The finite probabilistic method (averaging / pigeonhole primitive)

This file provides the core averaging lemma underlying the elementary form of Erdős's probabilistic method:

If the sum of a ℕ-valued function f over a finite set s is strictly less than the cardinality of s, then f vanishes somewhere on s.

Interpreting f a as "the number of bad configurations caused by choice a", and sampling a uniformly from s, the expected number of bad configurations is (∑ f) / |s| < 1, so there must exist at least one a ∈ s with f a = 0.

This is used by:

• FormalConjectures/Probabilistic/RamseyDiagonalLowerBound.lean to close the R(k,k) > 2^{k/2} lower bound (Erdős 1947).
• downstream deletion-method / alteration-method arguments.
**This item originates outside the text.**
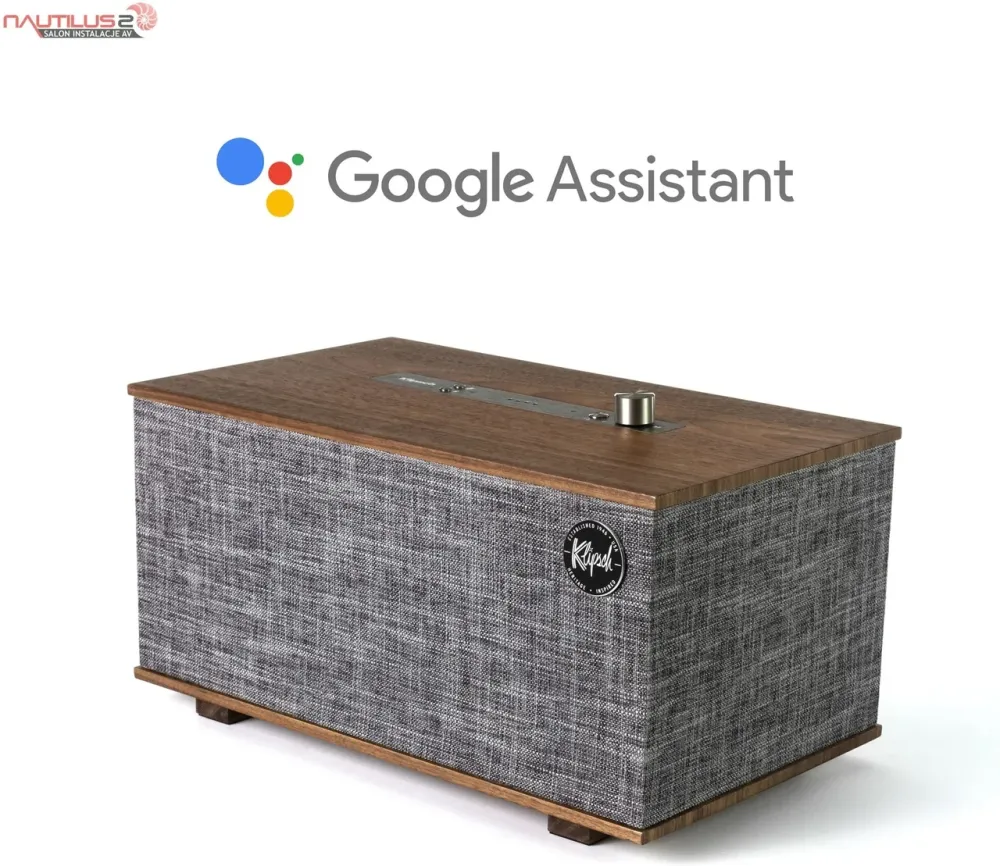 Портативная колонка Klipsch The Three GVA Orzech Киев - изображение 1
Both the ℕ-form and a convenience ℝ-form are provided; the latter is useful when the expectation bound is derived via rpow/log manipulations on the reals and only later cast back to counting.

References

• [Er47] Erdős, P. (1947). "Some remarks on the theory of graphs." Bull. Amer. Math. Soc. 53, pp. 292--294.
• [AlSp16] Alon, N. and Spencer, J. (2016). The Probabilistic Method (4th ed.), §1.1.
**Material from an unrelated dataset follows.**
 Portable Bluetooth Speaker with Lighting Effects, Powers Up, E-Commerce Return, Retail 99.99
theorem FormalConjecturesForMathlib.Probability.Finset.exists_eq_zero_of_sum_lt_card {α : Type u_1} {s : Finset α} {f : α → ℕ} (h : ∑ x ∈ s, f x < s.card) : ∃ a ∈ s, f a = 0

Finite probabilistic method (integer form).
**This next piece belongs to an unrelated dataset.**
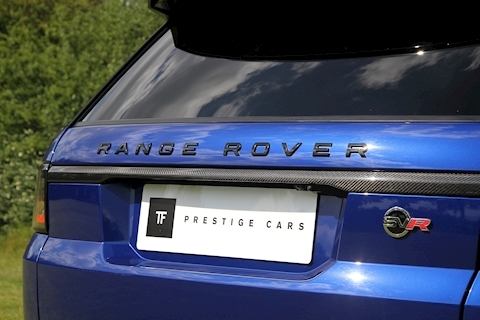 Range Rover Sport 5.0 SVR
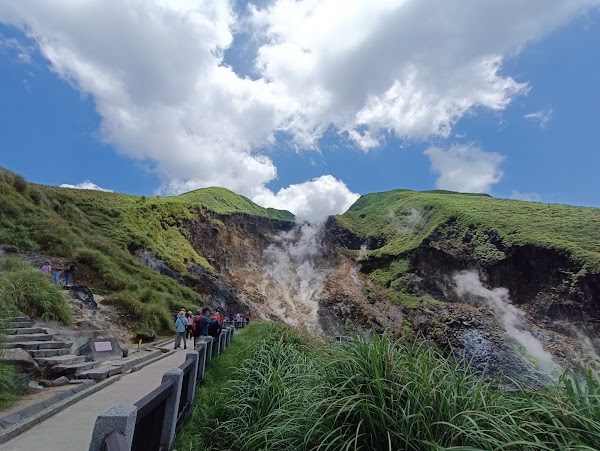 Xiaoyoukeng Visitor Center 5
If ∑ x ∈ s, f x < s.card, then there exists a ∈ s with f a = 0.

Proof idea. Contrapositive: if every value is at least 1, the sum is at least s.card · 1 = s.card, contradicting the hypothesis.

theorem FormalConjecturesForMathlib.Probability.Finset.exists_eq_zero_of_real_sum_lt_card {α : Type u_1} {s : Finset α} {f : α → ℕ} (h : ∑ x ∈ s, ↑(f x) < ↑s.card) : ∃ a ∈ s, f a = 0

Finite probabilistic method (real form).

If (∑ x ∈ s, (f x : ℝ)) < s.card, then there exists a ∈ s with f a = 0.

This is the same statement as Finset.exists_eq_zero_of_sum_lt_card after casting the counting inequality to ℝ; it is the convenient entry point when f arises as an expectation whose bound was computed in the reals (e.g. via Real.rpow / Real.log).